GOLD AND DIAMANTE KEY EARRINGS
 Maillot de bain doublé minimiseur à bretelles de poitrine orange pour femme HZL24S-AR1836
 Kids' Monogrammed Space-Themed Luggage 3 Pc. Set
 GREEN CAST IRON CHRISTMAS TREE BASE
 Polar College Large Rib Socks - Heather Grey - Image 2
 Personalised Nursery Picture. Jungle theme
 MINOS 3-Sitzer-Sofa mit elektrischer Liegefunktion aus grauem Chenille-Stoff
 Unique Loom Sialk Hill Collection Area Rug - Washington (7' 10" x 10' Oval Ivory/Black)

*****

### WORK ITEM
Give the lines from the one containing "MINOS 3-Sitzer-Sofa mit" through the end of the entries again, exactly as written and with no other lines.

### EXPECTED ANSWER
 MINOS 3-Sitzer-Sofa mit elektrischer Liegefunktion aus grauem Chenille-Stoff
 Unique Loom Sialk Hill Collection Area Rug - Washington (7' 10" x 10' Oval Ivory/Black)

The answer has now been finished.